* _What is required_: Any picture in the data below should be skipped, while every line is repeated exactly.

* _Dataset excerpt_:
====================
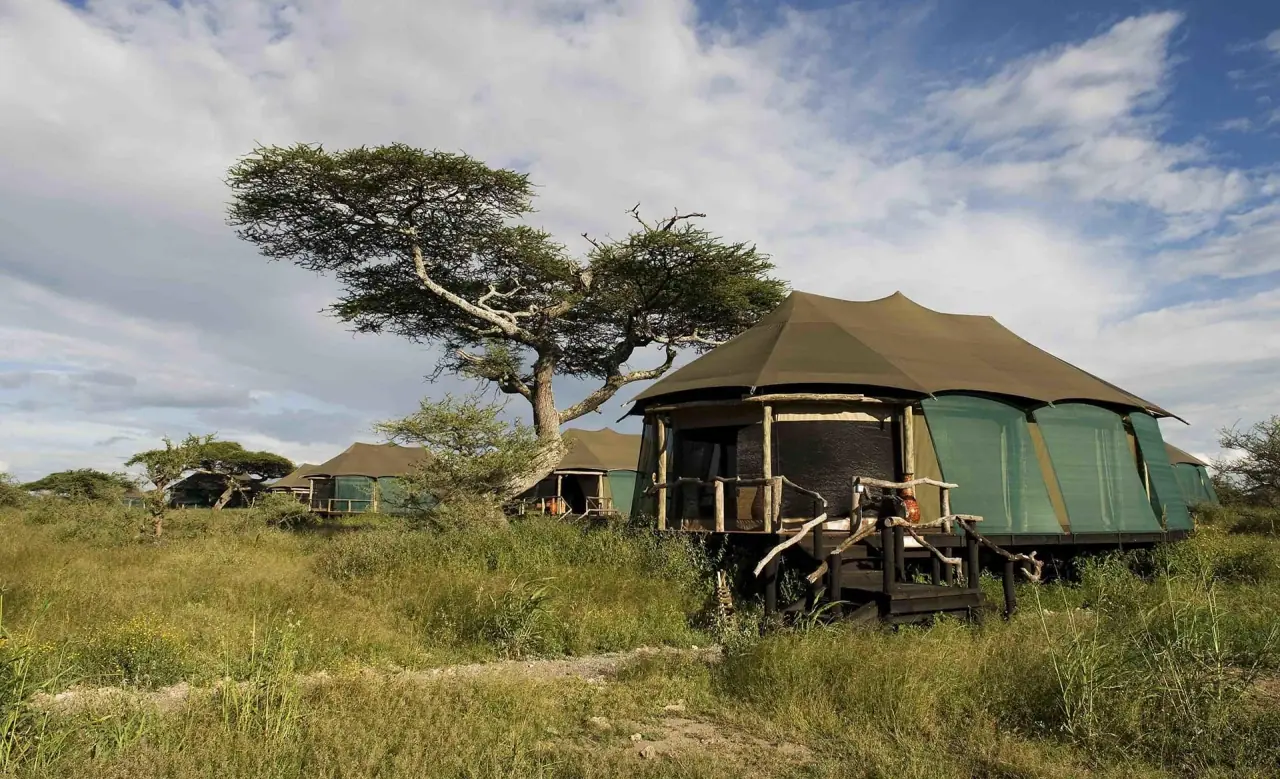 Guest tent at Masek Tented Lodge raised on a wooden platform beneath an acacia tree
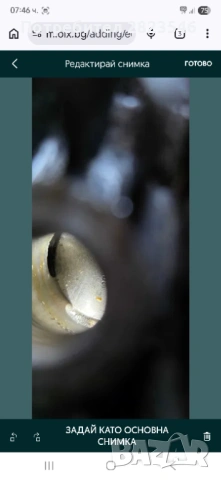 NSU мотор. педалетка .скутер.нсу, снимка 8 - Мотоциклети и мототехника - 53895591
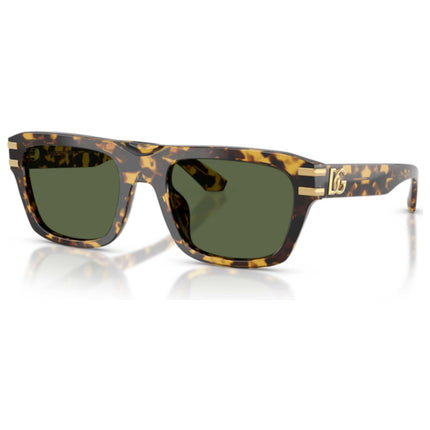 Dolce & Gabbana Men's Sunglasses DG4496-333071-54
====================
* _Exercise result_:
 Guest tent at Masek Tented Lodge raised on a wooden platform beneath an acacia tree
 NSU мотор. педалетка .скутер.нсу, снимка 8 - Мотоциклети и мототехника - 53895591
 Dolce & Gabbana Men's Sunglasses DG4496-333071-54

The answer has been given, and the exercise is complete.